Раскрывая свое сердце ее звукам, не вслушивался ли я в древнюю какофонию погромов, когда уцелевшие в них бежали ночью, унося на своей спине единственное имущество, которое им удалось спасти? Скрипка была их спасением и утешением, каким для меня стало во время моих будущих испытаний целительное воспоминание о счастливых днях, проведенных с Вильмой.
14
Гвидо уже давно решил присоединиться к партизанам в горах. Он ушел одним ранним майским утром 44-го года. Я хотел убедить его остаться и спрятаться у меня на чердаке в Версуте. Видел бы кто-нибудь, с каким видом он мусолил в кармане брюк рукоятку так и не найденного при обыске револьвера, и как он теребил другой рукой упавшую ему на лоб, словно завиток впервые причастившегося отрока, прядь черных волос, тот непременно бы подумал, что ненависть к диктатуре, любовь к родине и прочие благородные чувства, и даже естественная для его возраста напыщенность, вскормленная школьной литературой, служили лишь прикрытием более личностных мотивов. В нестерпимом желании стать мужчиной и перестать производить впечатление подростка с детскими кудряшками скрывалось нечто возвышенное, но и оно не могло превзойти его надежду завоевать, рискуя собственной жизнью, ту благосклонность, которой он тщетно добивался с самого рождения — занять в сердце матери место если не равное с моим, то по крайней мере более значительное, чем тот скромный уголок, который она ему в нем отводила. Я подозреваю, что он уже думал о смерти, как о единственном средстве снискать свою законно причитающуюся долю родительской любви. Конечно же, подспудно, неосознанно, и не в такой грубой форме, в какой я позволил себе заговорить об этом. Гвидо ни разу не попытался убедить меня пойти вместе с ним: непонятная пренебрежительность, если вспомнить, что лишним в партизанском отряде никто бы не оказался; и напротив вполне объяснимая невнимательность, если признать очевидной для ревнующего младшего брата потребность подготовить поле для реванша, на котором старший брат, победоносно отодвинутый на задний план, лишился бы возможности оспорить как его славу воина, так и ореол мученика.

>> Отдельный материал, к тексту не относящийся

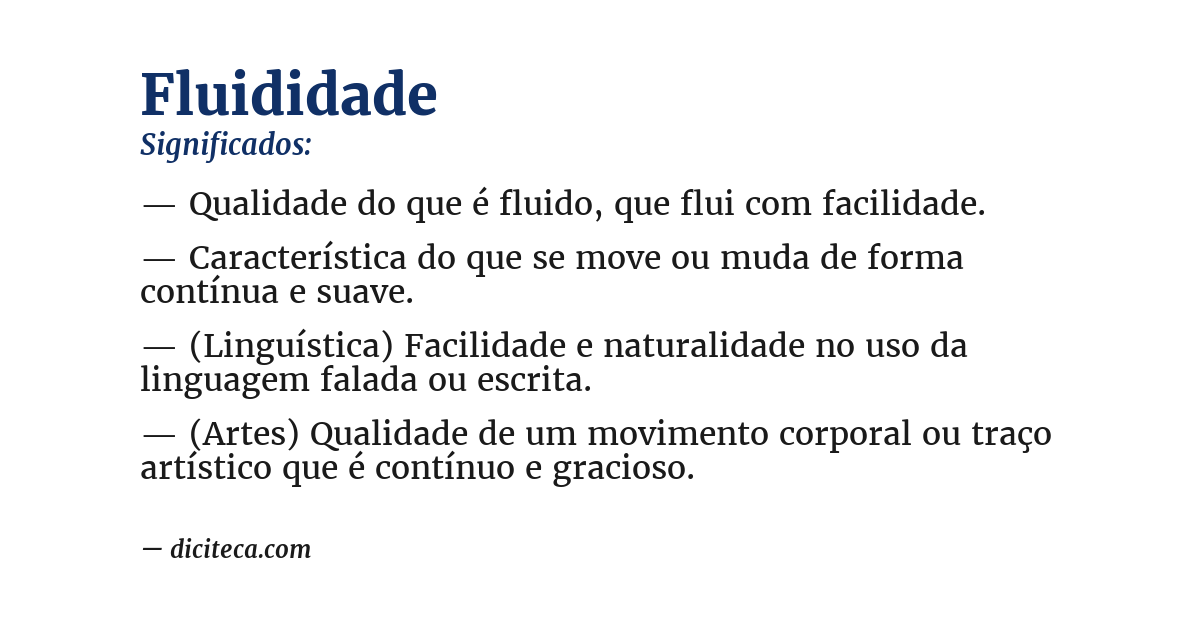 Significado de fluididade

Я был единственным, кто мог установить истинную причину такого показного бесстрашия Гвидо, но я был также последним, кто мог бы использовать это знание, чтобы отговорить его от этой затеи. Наше расставание было ускорено конспиративностью, которой было необходимо окружить его отъезд. В кассе на вокзале он достаточно громко, чтобы его могли услышать все присутствующие, включая персонал, попросил билет на Болонью. После чего, решив тайком сесть в поезд на Спилимберг, на север страны, он увел меня за маленькое привокзальное помещение. Мы стояли в ожидании в этом непонятном месте, посреди обломков кирпичей, штукатурки и грязных бумаг, которые служили декорацией нашей сцены прощания. Хватило бы мне тогда времени, чтобы удержать его? Неожиданно он запел своим чистым высоким голосом песню, которую дон Карло исполнял дуэтом с Позой в монастыре Сан Джусто.
Я на мгновение смутился: и Бог, и оперная музыка, и скверные стихи либретто казались мне не лучшим средством для прощания с дорогим мне существом. Но не ответить на его страстный призыв? Тем более что роль маркиза подходила для моего баритона.
— пробормотал я к собственному удивлению. И затем продолжил в унисон, уже не сдерживая свой голос:
Мы спели всю арию, с заверениями в дружбе, обещанием сражаться с захватчиком, презрением к своей земной доле и тому подобными клятвами, под каждой из которых мы могли бы присягнуть, не кривя душой, но за которыми стояло нечто гораздо более значимое для будущего двух доморощенных певцов.